On 14 February 2017 at 10:10, Brad DeJong <brad.dej...@infor.com> wrote: > Robert Haas wrote: > >> + <literal>COUNT(*)</>, each worker must compute subtotals which later >> must >> + be combined to produce an overall total in order to produce the final >> + answer. If the query involves a <literal>GROUP BY</> clause, >> + separate subtotals must be computed for each group seen by each parallel >> + worker. Each of these subtotals must then be combined into an overall >> + total for each group once the parallel aggregate portion of the plan is >> + complete. This means that queries which produce a low number of groups >> + relative to the number of input rows are often far more attractive to >> the >> + query planner, whereas queries which don't collect many rows into each >> + group are less attractive, due to the overhead of having to combine the >> + subtotals into totals, of which cannot run in parallel. > >> I don't think "of which cannot run in parallel" is good grammar. I'm >> somewhat unsure whether the rest is an improvement or not.
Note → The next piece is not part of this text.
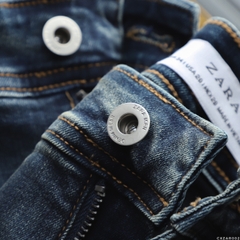 Quần Jeans dài ZR ZAR002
Other opinions? > > Does this read any more clearly? > > + <literal>COUNT(*)</>, each worker must compute subtotals which are later > + combined in order to produce an overall total for the final answer. If > + the query involves a <literal>GROUP BY</> clause, separate subtotals > + must be computed for each group seen by each parallel worker. After the > + parallel aggregate portion of the plan is complete, there is a serial > step > + where the group subtotals from all of the parallel workers are combined > + into an overall total for each group. Because of the overhead of > combining > + the subtotals into totals, plans which produce few groups relative to the > + number of input rows are often more attractive to the query planner > + than plans which produce many groups relative to the number of input > rows.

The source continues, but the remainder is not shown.